Cet état physique et psychique est un état lumineux. Une qualité de lumière: un genre d’anti-lumière pour être plus précis. Ça n’est pas le clair ou l’obscur, la clarté ou les ténèbres, le jour ou la nuit non, car seul l’oxymore permet d’en rendre compte : c’est une obscure clarté. Une luminosité blafarde, un scintillement qui vacille dans les gris, avec des vibrations lentes, très lentes. Comme des clignotements d’un monde qui s’éloignerait sans qu’un autre apparaisse. On semble prendre congé. On est encore un peu là, pas encore totalement ailleurs : en chemin vers ces ondulations lourdes et lentes, en trajet vers un vortex accablant et étendu.
Je sais le jour, l’heure et la qualité de l’air de l’endroit dans lequel je me trouvais quand je suis entré dans le Covid – alors que le Covid était déjà entré en moi. C’était le lundi 16 novembre 2020 vers 17h, dans le Haut Karabagh, sur le lieu de crash d’un drone azéri dont la carcasse gisait pulvérisée au sol, ses deux bombes, qui n'avaient pas explosé, se trouvant dans l’herbe parmi les débris.
Nous étions, mes amis, dont Stéphane Simon, et moi, dans un véhicule qui nous a permis, en trois jours, d’effectuer plus de mille trois cents kilomètres afin d’aller d’Erevan à Stepanakert, en passant par la route du nord (Vartenis puis Kelbabjar) qui reliait alors l’Arménie à son Karabagh. Nous nous arrêtions parfois dans des villages abandonnés, à la recherche d’une épicerie pour trouver de quoi manger un peu, nous voyions des maisons détruites, soufflées par des bombes et des roquettes, nous rencontrions des soldats perdus prêts à donner leur vie pour une guerre qu’on ne leur offrait pas puisque les Turcs et les Azéris continuaient ainsi le génocide entamé en 1915.
Depuis notre descente d’avion à Erevan, le masque représentait autre chose que son équivalent en France ! Du moins nous le pensions et nous avions tort – j’avais tort. Dans un pays en guerre, quand la mort vient du ciel sous forme de bombes au phosphore, de roquettes, d’obus dont les éclats tranchent la chair, mais aussi pour y déposer des bactéries qui, quelque temps plus tard, emportent le blessé qui se croyait sauvé et meurt d’une infection provoquée par virus et bactéries militaires enchâssés dans l’acier, à quoi bon porter un masque ?

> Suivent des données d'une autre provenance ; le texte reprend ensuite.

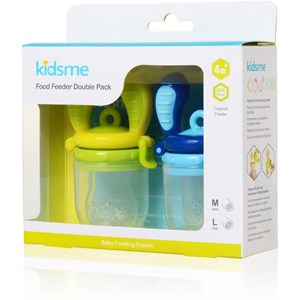 Kidsme Food Feeder 2-pack Lime/Aquamarine 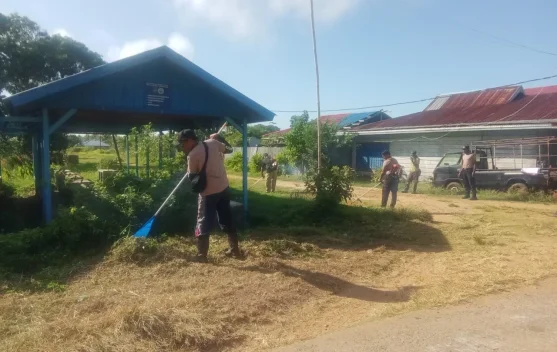 Polsek Okaba Gelar Bakti Sosial Sambut Bhayangkara
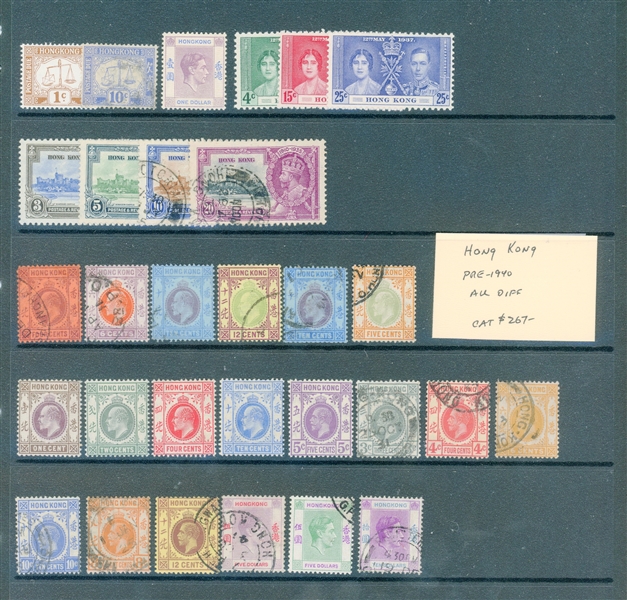 Large British Colony Pre-1940 Holding on Stock Pages (SCV $4145)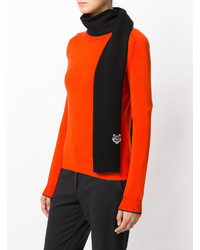 Женский черный шарф от Kenzo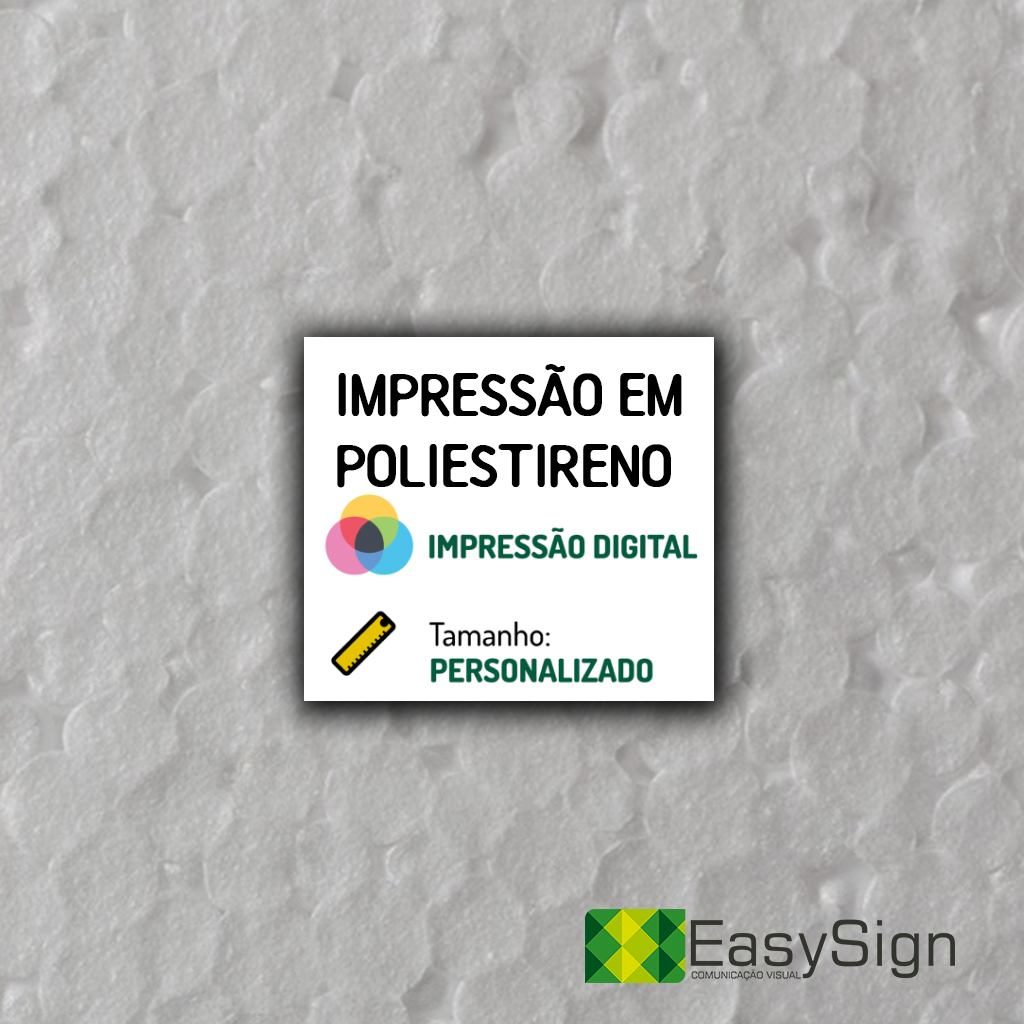 Impressão em Poliestireno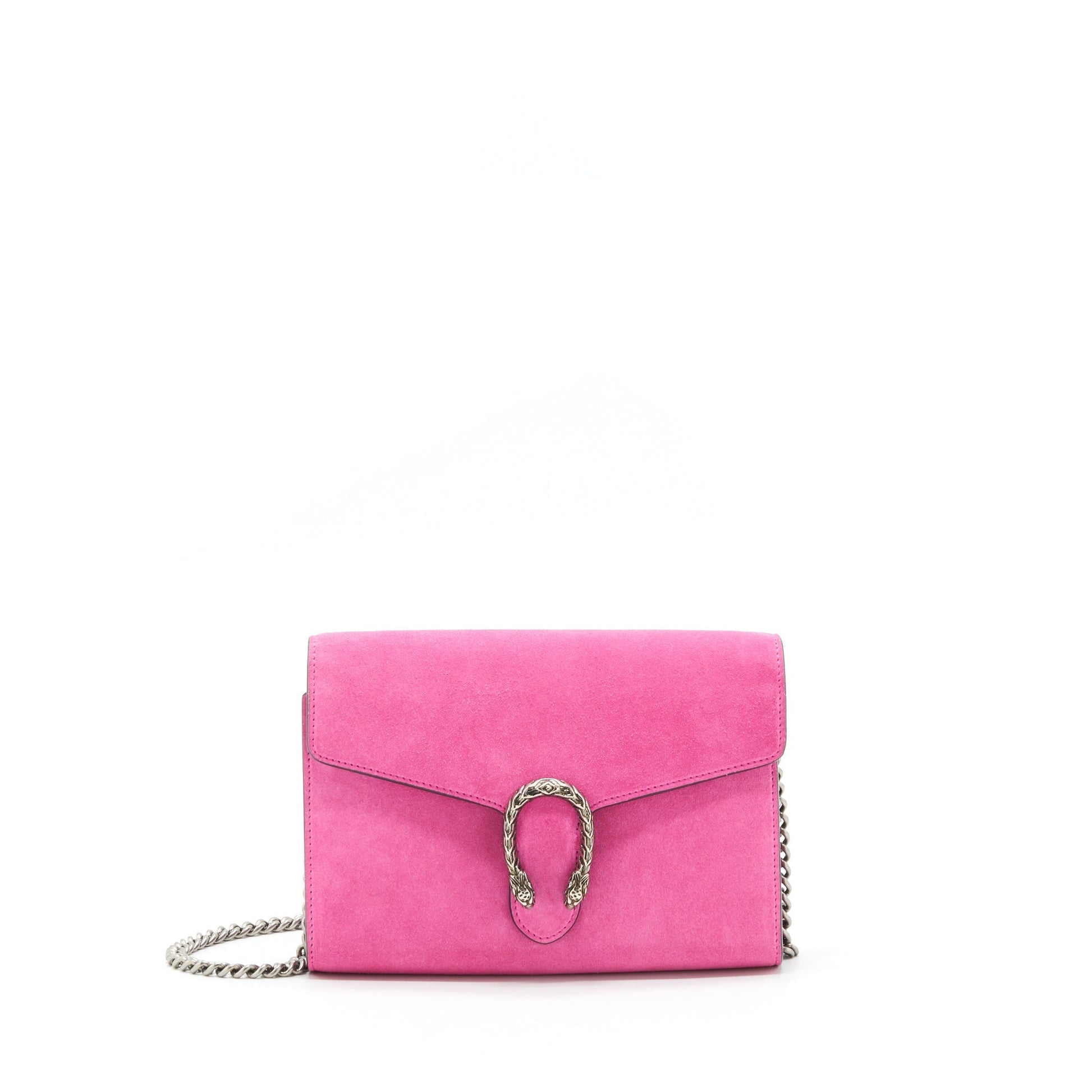 Gucci Dionysus Chain Bag Shw Suede Pink Travel Bag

Le premier soir, au dîner donné pour nous accueillir dans un restaurant d’Erevan, personne n’en porte ! Nous sommes une douzaine autour d’une même table. Les clients des restaurants et des bars qui restent ouverts, vont et viennent : treillis et rangers, mais le visage à l’air libre… Les serveurs arrivent avec leurs cartes et commentent les vins à une cinquantaine de centimètres de mon museau découvert – le leur l’est aussi…
Nous nous retrouvons avec Levon Minassian, un chef de guerre arménien qui nous raconte une partie du conflit de 1993 (c’est lui et ses compagnons d’armes qui ont libéré la ville de Karvadjar le 1er avril 1993) et celle qui se fait ces jours-là sous forme de punitions venues du ciel avec des drones qui ne permettent même pas aux Arméniens de montrer leur valeur au combat. L’atmosphère est enfumée – il n’y a pas de loi anti-tabac en Arménie. Tout le monde fume. Pas de masques, bien sûr… Nous parlons longtemps.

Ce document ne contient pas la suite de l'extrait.